(What you should do):
Your copy of the listing should be exact and should contain no pictures.

(Given data):
##############################

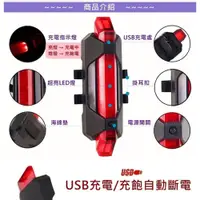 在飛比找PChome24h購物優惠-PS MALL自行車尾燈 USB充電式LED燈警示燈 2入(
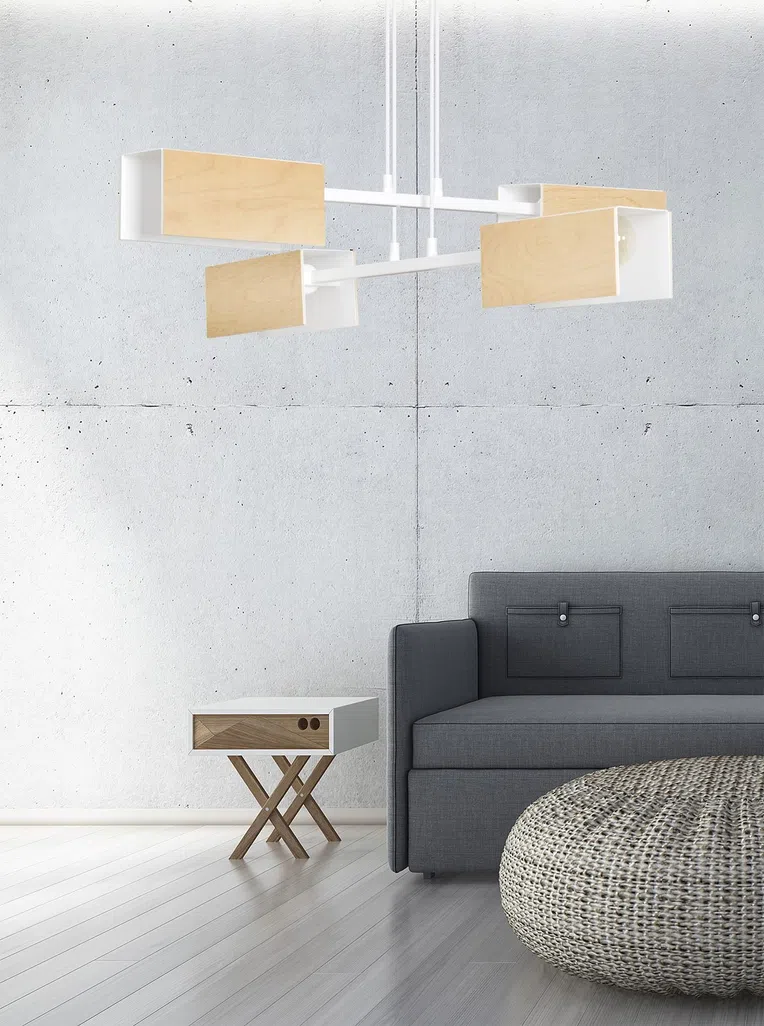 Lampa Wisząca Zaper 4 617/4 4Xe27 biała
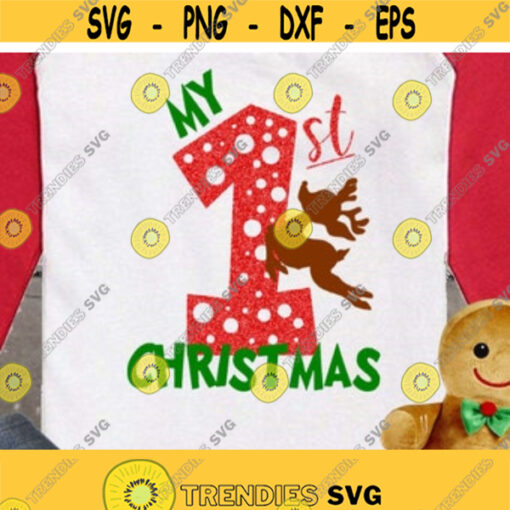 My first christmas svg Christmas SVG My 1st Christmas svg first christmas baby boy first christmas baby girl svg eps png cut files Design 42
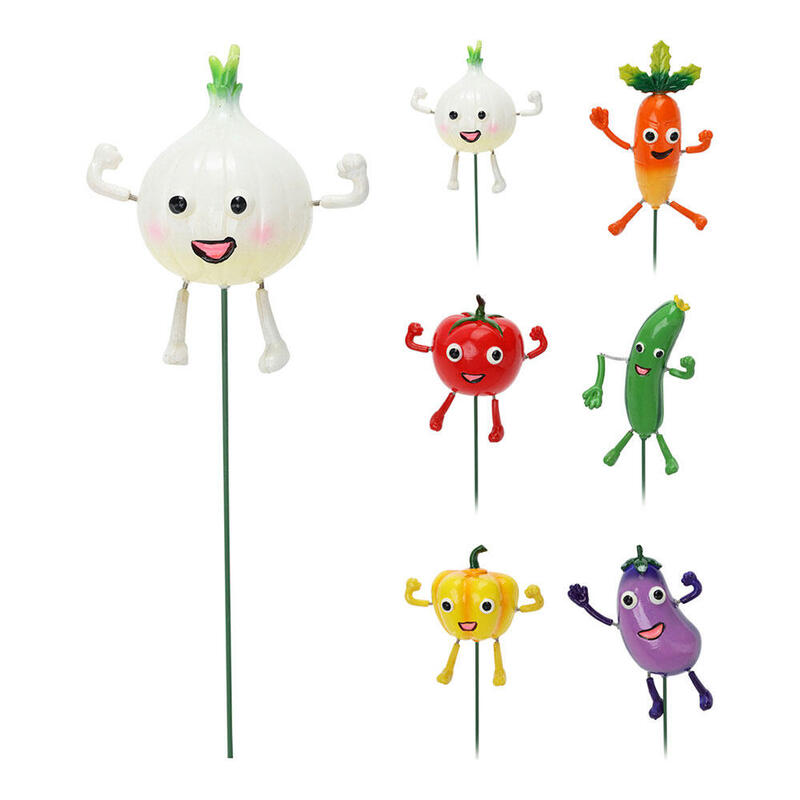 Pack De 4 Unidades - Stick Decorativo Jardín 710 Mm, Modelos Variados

##############################

(Response):
 在飛比找PChome24h購物優惠-PS MALL自行車尾燈 USB充電式LED燈警示燈 2入(
 Lampa Wisząca Zaper 4 617/4 4Xe27 biała
 My first christmas svg Christmas SVG My 1st Christmas svg first christmas baby boy first christmas baby girl svg eps png cut files Design 42
 Pack De 4 Unidades - Stick Decorativo Jardín 710 Mm, Modelos Variados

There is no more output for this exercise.